Part 2: Considerations for designing an electronic data capture system for clinical trials with sponsors/CRO in mind. Read our previous post, considerations for designing an electronic data capture system with users in mind, here.
In clinical trials, electronic data capture (EDC) systems are widely used to collect data such as patient outcomes, laboratory test results, medication use, adverse events, etc. A well‑designed EDC system makes it convenient for clinical trial sponsors or trial managers to track trial progress, monitor site compliance, query data, create reports of various trial parameters, and export data in easily used formats for analysis. Below are some best-practices to be considered for designing and building an EDC system that provides a positive experience for the sponsor/CRO.
An EDC system is primarily composed of a series of Case Report Forms (CRF). One of the keys to building an effective EDC system is using a design that is easy to learn and navigate. Typically, this is done by creating CRFs where each form covers a single aspect of the study, e.g., demographics, medical history, procedure, results and follow-up. A well planned CRF reflects the central elements of the protocol and is designed to facilitate data analysis. The CRF should not request extraneous data (i.e., “nice-to-have” rather than “need-to-have”). The EDC system’s framework itself should be clear and succinct such that it can be intuitively understood. Unlike a labyrinth of inadequately planned routes that require several clicks through menus and sub-menus that leave users confused and frustrated, the system’s organization should allow the user to quickly find what is needed. In addition, the EDC system should be helpful without being intrusive, giving input as the user navigates through the system.

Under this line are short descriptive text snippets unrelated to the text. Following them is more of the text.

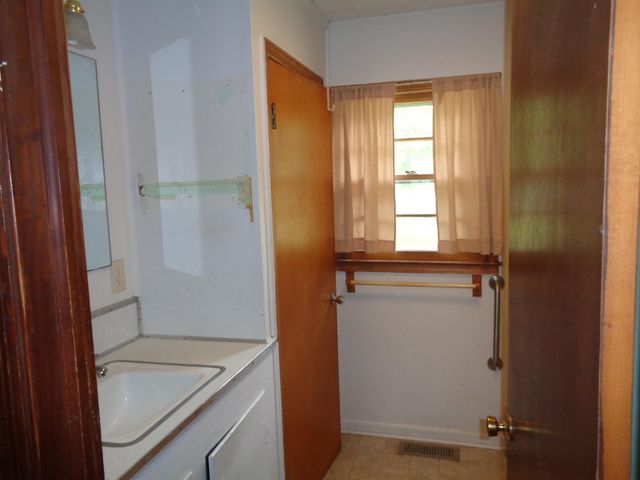 170 Mountain View Road, Boiling Springs, SC 29316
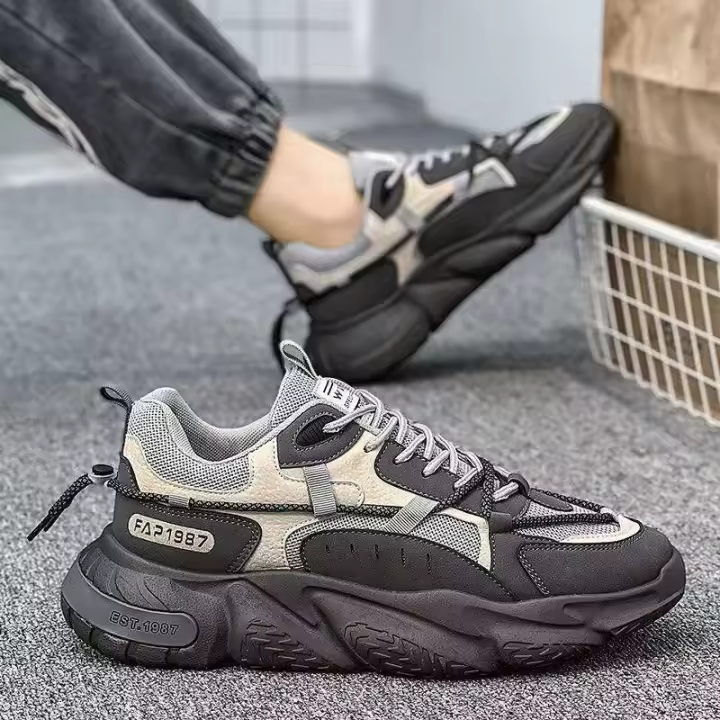 Los deportes de primavera para hombre son zapatillas para correr informales, transpirables, antideslizantes, con suela gruesa y material superior sintético. - 1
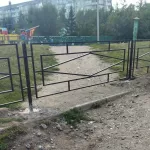 Бийчане пожаловались на двойное ограждение в парке Водяновой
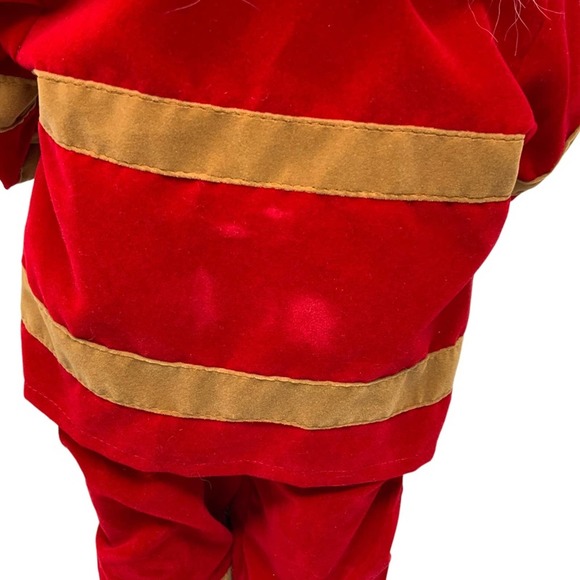 Fireman Santa Fire Hose Hydrant Christmas Firefighter Decor - Picture 11 of 13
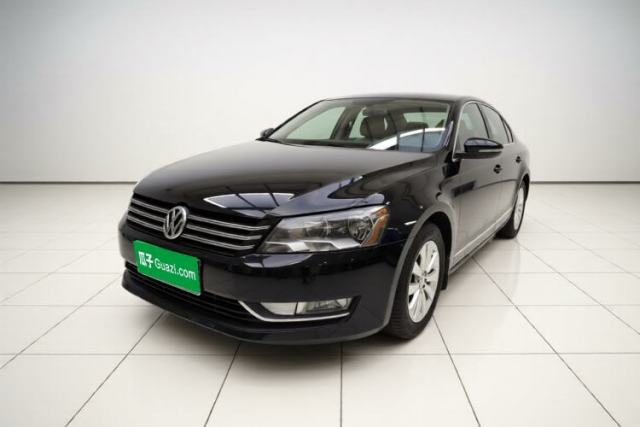 Ojetý Volkswagen Passat 2013 1.8TSI DSG Government Procurement Edition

There should be an indication where the user is within the framework by means of a navigation scheme, enabling users to effectively return to a previous page. An advantage of using a framework that is simple to learn is the ability to train others easily, for example, site staff. Finally, to enhance easy understanding and accurate data entry, CRF organization within the EDC system should be uncrowded.
The efficiency of EDC design is directly related to its structure. An effective framework enables sponsor/CRO staff to review data entry in less time. A good way to prevent erroneous data from being entered in the database and to minimize the need for subsequent queries is the judicious use of edit checks. Edit checks are automated triggers within the system that ensure the data entered are complete and within the expected ranges. One should consider using edit checks that request clarification of the data when needed, but allow the user to continue to the next item or form after a clarifying comment is made, even if the required data are not provided. Another efficiency is to program certain fields to automatically calculate a value from the data already entered. This will improve accuracy and preclude the monitor from verifying calculations performed by site staff, thus, saving time during the data review process and minimizing queries.
Built-in Reports and E-mail Notifications
Some EDC systems include at least a rudimentary set of standard reports, which may be used by the trial manager to monitor various aspects of the clinical trial such as patient enrollment, outstanding data, or reported events. Additional specific, configurable reports are desirable for robust study oversight and management. As with building the EDC system, the design of reports should be well considered and planned prior to the start of the study. Well-designed reports can support compliance by directly comparing the trial’s requirements with the sites’ performance. For example, by creating custom reports, trial managers can analyze which CRFs receive the most queries, potentially identifying errors in the CRF design or other flaws that can be adjusted during the trial. When the clinical trial is completed, all of the reports should be easily exported along with the rest of the study data. MED Institute builds EDC systems with customizable reports that can help track various metrics in study oversight and management to complete trial more efficiently.
The EDC system should include automatic notifications for events of interest such as Serious Adverse Events or new subject enrollment. These notifications help the trial manager to directly access the pertinent information and to react in a timely manner without having to search the system to find the information.
It is essential to consider the configuration of the data in the back-end database, to ensure the data can be easily exported into and manipulated in other third-party programs (e.g., statistical programs). Executing a consistent data collection approach includes standardizing the definitions for the data that will be collected across the study. Implementing independent and conventional open standards, such as those created by CDISC, encourage compatibility and can lessen overall study build time. EDC systems should have an option to follow CDISC standards and for datasets to be aligned with CDASH guidelines so that the data are ready for convenient analysis in the future. This can be time-saving and efficient as non-CDASH data may need to have the data architecture re-worked to meet CDISC standards upon regulatory submission1. As end users become accustomed to basic standardized forms, they will require less training, deliver more reliable data, and shorten the data collection time.
Implementing a well-designed EDC system can have tremendous financial and productivity benefits for your clinical study and study team. As EDC designers at MED Institute Inc., we use time-tested best practices to help you meet EDC requirements to accelerate your study.